Cross-industry resilience and efficiency, driven by manufacturing


Humans are uniquely adaptable to change, and robots have tireless endurance for precise, repetitive tasks. As costs lower and technology becomes more widely available, collaborative robots (co-bots) are beginning to become affordable in healthcare, scientific labs, food & beverage, material manufacturing and agriculture. 99% of all businesses in Europe are small and medium-sized - under the right conditions, we could be at the beginning of a new co-bot driven industrial revolution.

What will change
When co-bots become cheap and widely available, they will move out from the factory floors of automotive giants to revolutionise the work of SMEs in manufacturing, research, healthcare and many other industries. Co-bots will also be key enablers of many of the Bets for the Future - both vertical farming and vehicle refuelling already employ co-bots, and the likes of Samsung and LG envision co-bots as an integral part of future smart home ecosystems.

Emerging technologies
Software technologies such as integrations, computer vision, data analysis and user interfaces that are easy enough for everyone to use will be key components of co-bot roll out. Hardware-wise, the production of cheap, easily programmable units that are inexpensive compared to their “dumb” alternatives will continue to lower the barrier to adoption. Restaurants are already seeing adoption of co-bots for front of house food deliveries as well as running limited operations out back.

Opportunities worth taking
Co-bots are already used in gas stations for fully automated refuelling, a function that can easily be adapted for electric vehicle level-3 charger operation. Software-wise, applications are currently developed by the hardware provider or system integrators in a closed ecosystem manner. Even so, a shortage in robotics engineering skills and growing demand indicate the beginnings of an open app store ecosystem for co-bots - a significant driver of the broader adoption of co-bots in the future.

  • Healthcare

    Recent advancements in the field of collaborative robots have made for additional possibilities to support the healthcare sector across a variety of applications. More than 1500 surgical co-bots working alongside or remotely with humans will be installed by the end of 2020.

  • Sustenance

    Demand for co-bots will accelerate with the increasing deployment of machines in traditional and modern agricultural applications such as soil management, mapping, monitoring and harvesting.

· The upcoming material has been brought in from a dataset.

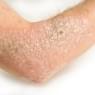 eczema
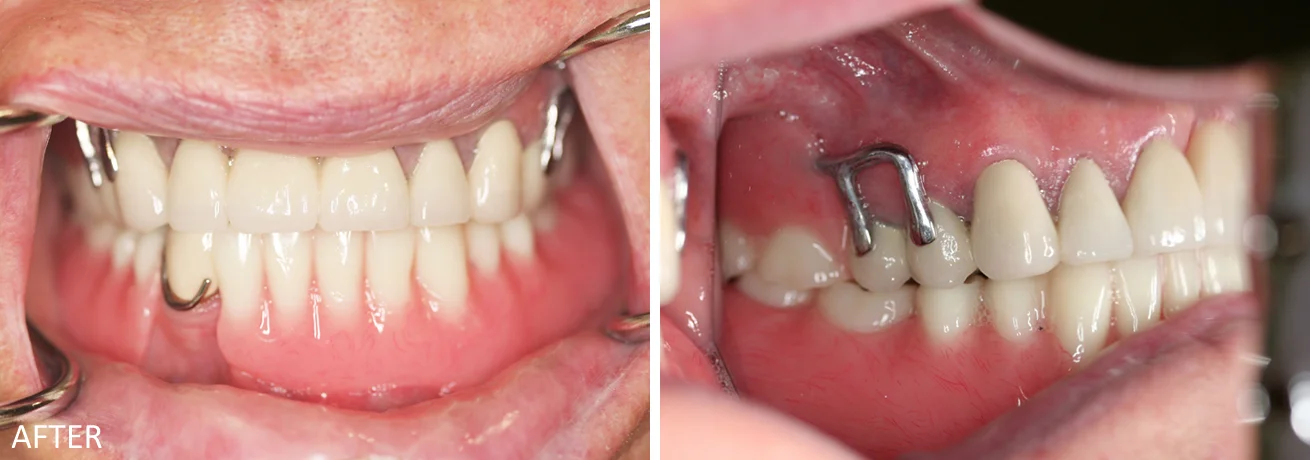 Partial Dentures Case: After treatment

  • Manufacturing of goods

    The applications for co-bots in manufacturing will continue to dominate the market. The most common manufacturing use cases include welding, material handling, quality testing and painting. In the near future, we will see SMEs integrate co-bots into their manufacturing process as costs per unit goes down.

  • Service business

    The adoption of collaborative robots will gain impetus in retail, banking, food & beverage industries. Easily programmable co-bots can both handle mundane tasks like cashier operations and provide opportunities for customisation.

Deep-dive into this bet

Total market 2024

Household appliance market $770 bn, robotics hardware and software market size almost $ 100 bn.

Look for these in 2024

Methodology: A high-level view gathered from various openly available data sources on market size & compound annual growth rates. To simplify comparison between analysts sources, we’ve removed differences in market details by calculating an estimated average for total market size 2024 and average CAGR for selected time period. This allows us to gain “correct enough estimates”. Unless linked directly to one source, each of our market estimate has included 2-8 sources e.g. WEF, CB Insights, Mordor Intelligence, Markets & Markets, Research & Markets, Grand View Research, PWC, Allied Market Research, McKinsey, Market Watch

The collaborative robot market will account for 30% of the global Robotics Market by 2027.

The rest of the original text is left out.